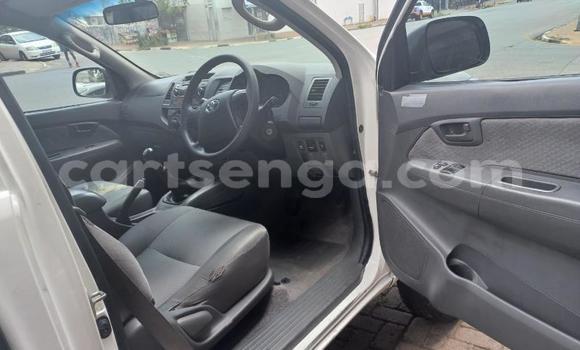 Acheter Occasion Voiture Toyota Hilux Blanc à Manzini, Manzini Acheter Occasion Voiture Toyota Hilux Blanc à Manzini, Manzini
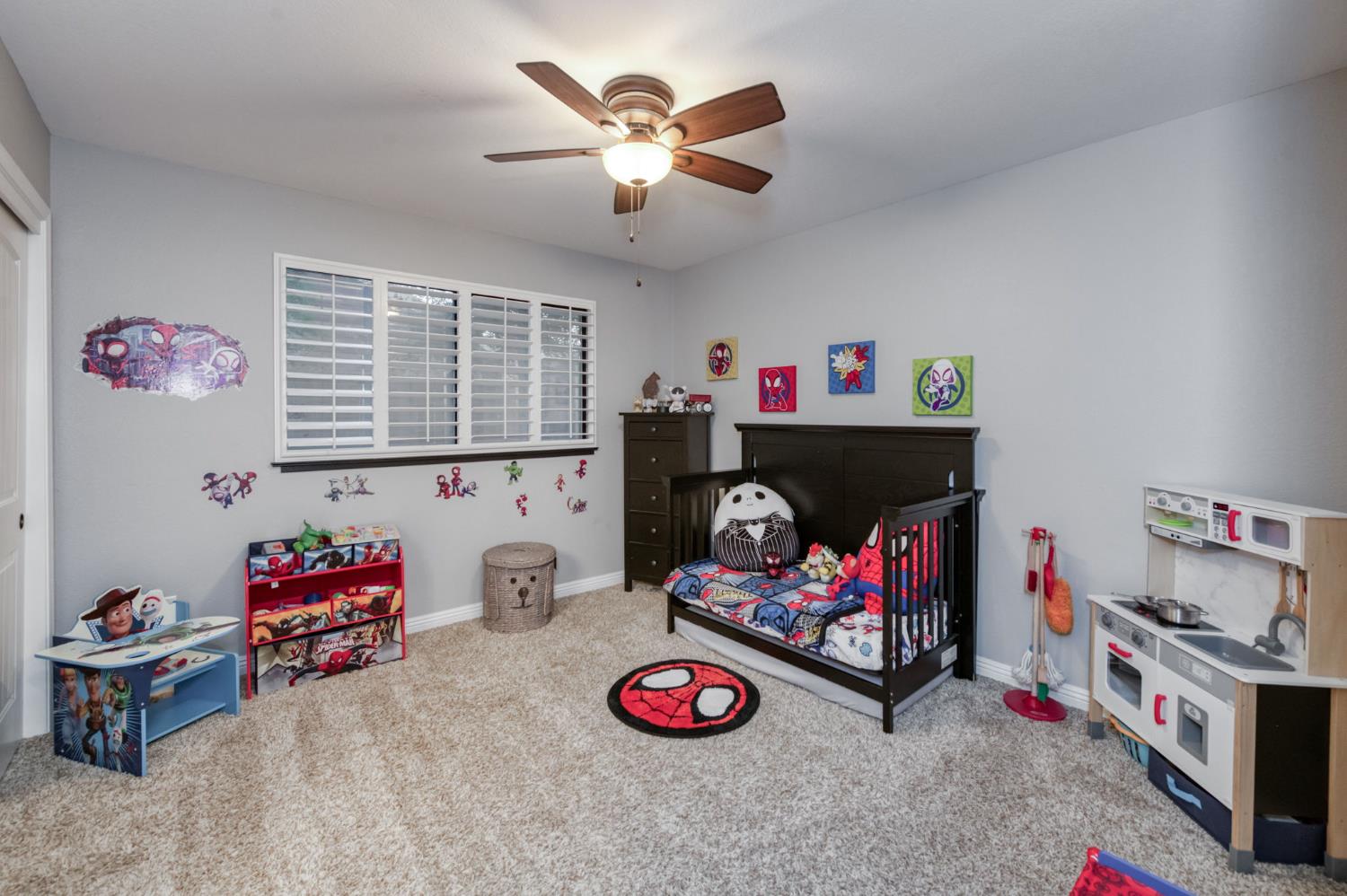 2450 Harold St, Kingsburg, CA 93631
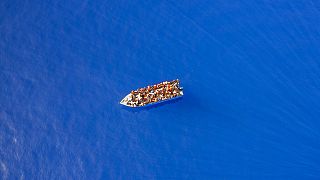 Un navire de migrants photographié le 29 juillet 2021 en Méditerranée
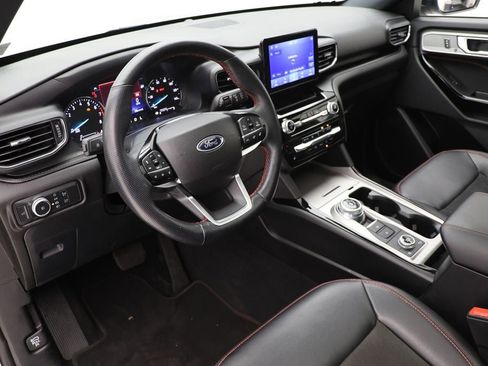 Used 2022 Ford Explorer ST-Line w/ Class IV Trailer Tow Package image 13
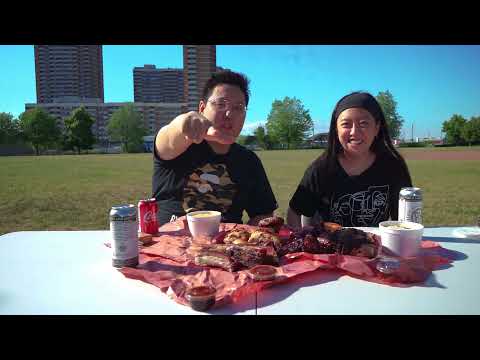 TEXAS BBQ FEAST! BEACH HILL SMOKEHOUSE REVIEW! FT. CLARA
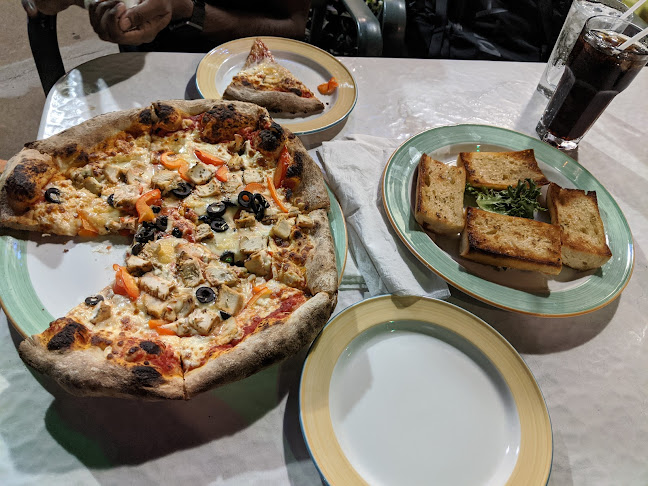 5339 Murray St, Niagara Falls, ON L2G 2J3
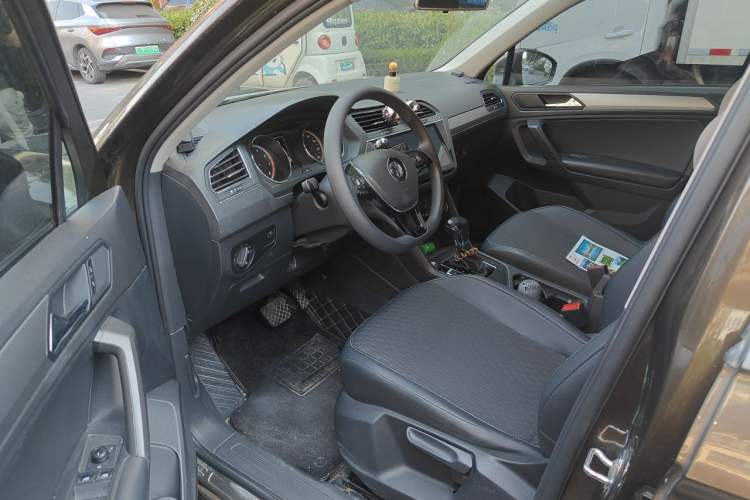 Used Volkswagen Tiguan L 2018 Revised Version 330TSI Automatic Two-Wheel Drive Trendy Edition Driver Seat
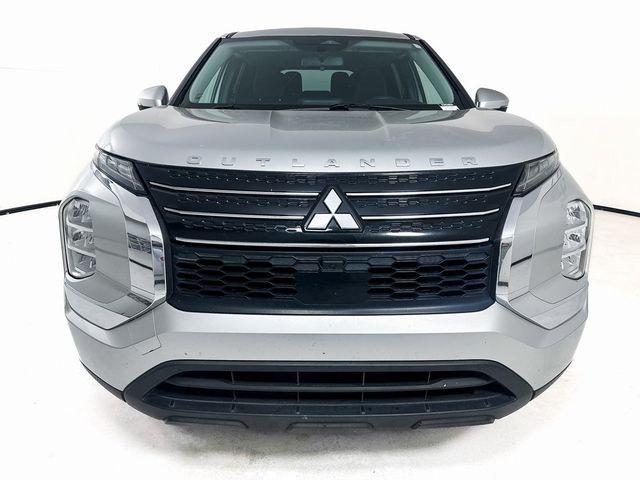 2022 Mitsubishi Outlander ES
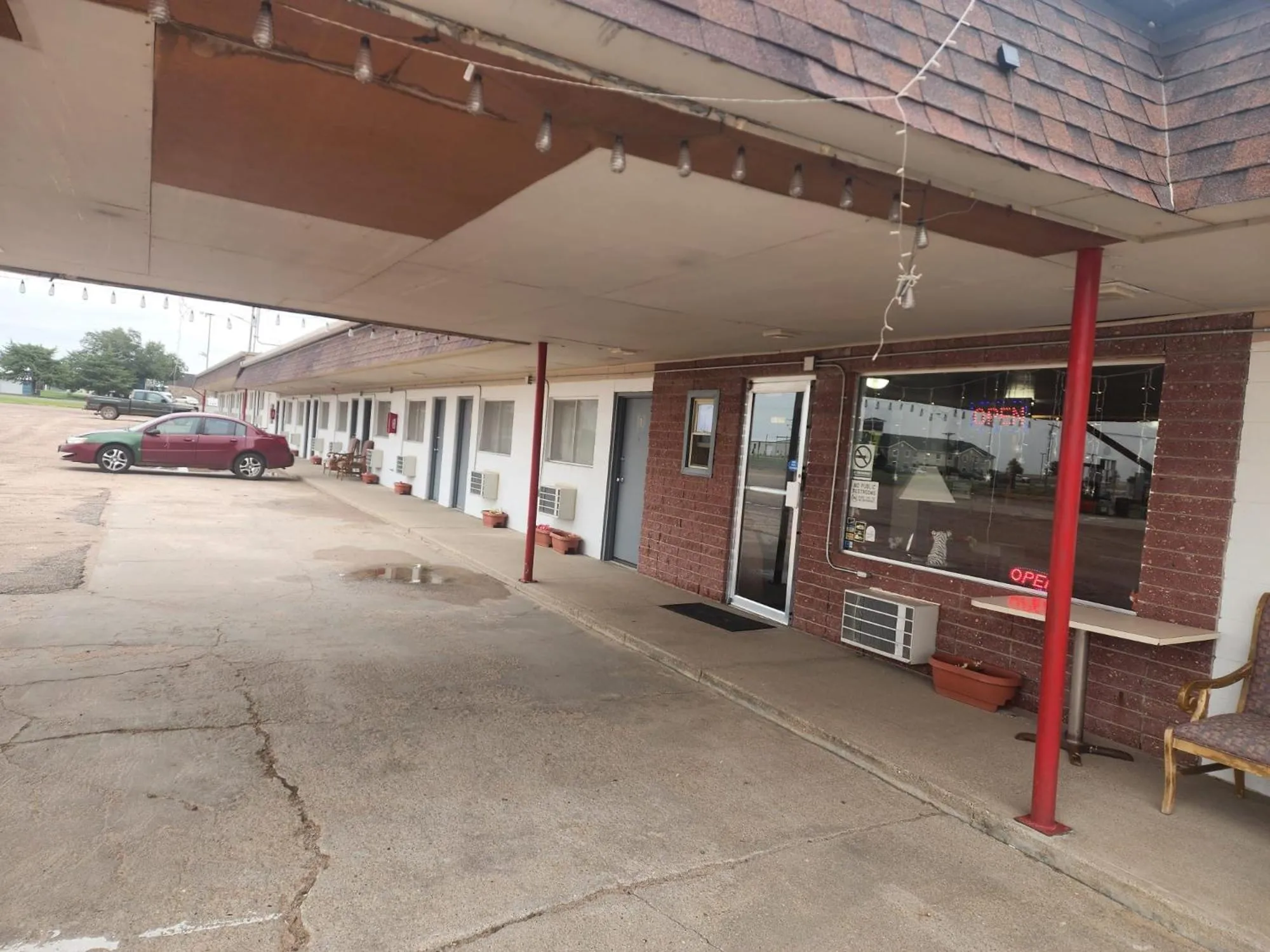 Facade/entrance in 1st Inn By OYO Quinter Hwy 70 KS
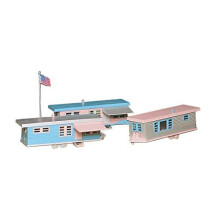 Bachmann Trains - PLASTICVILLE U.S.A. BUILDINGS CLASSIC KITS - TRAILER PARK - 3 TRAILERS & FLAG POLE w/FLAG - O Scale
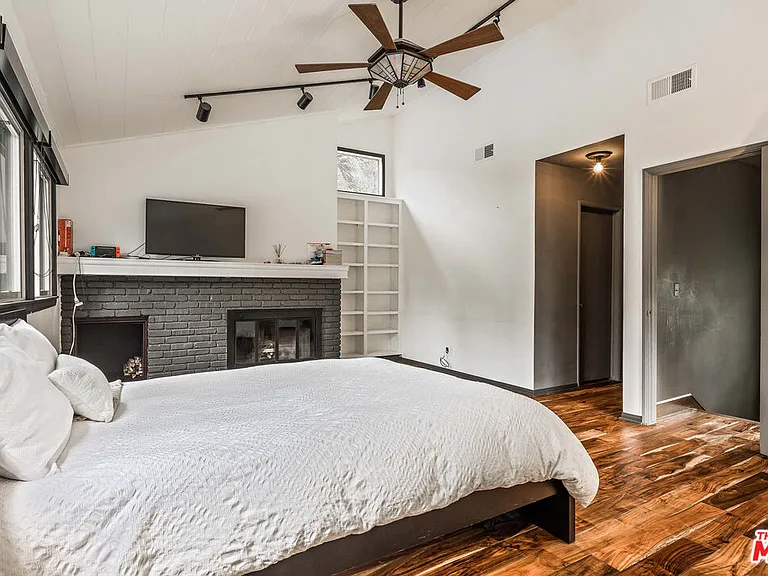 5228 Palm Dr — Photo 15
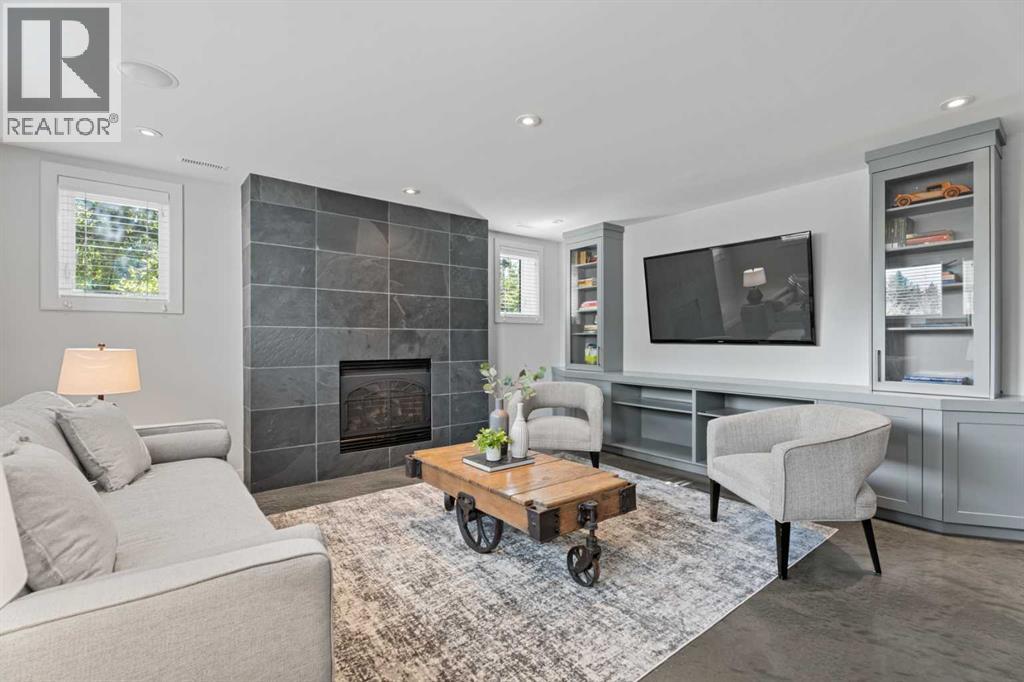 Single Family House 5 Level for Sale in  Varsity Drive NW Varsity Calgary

■ ■ ■ ■

- **Task directions**: Print only the lines from the one with "TEXAS BBQ FEAST!" through the last line of the data above, exactly and with both ends, and please omit any pictures.

- **Result for this exercise**:
 TEXAS BBQ FEAST! BEACH HILL SMOKEHOUSE REVIEW! FT. CLARA
 5339 Murray St, Niagara Falls, ON L2G 2J3
 Used Volkswagen Tiguan L 2018 Revised Version 330TSI Automatic Two-Wheel Drive Trendy Edition Driver Seat
 2022 Mitsubishi Outlander ES
 Facade/entrance in 1st Inn By OYO Quinter Hwy 70 KS
 Bachmann Trains - PLASTICVILLE U.S.A. BUILDINGS CLASSIC KITS - TRAILER PARK - 3 TRAILERS & FLAG POLE w/FLAG - O Scale
 5228 Palm Dr — Photo 15
 Single Family House 5 Level for Sale in  Varsity Drive NW Varsity Calgary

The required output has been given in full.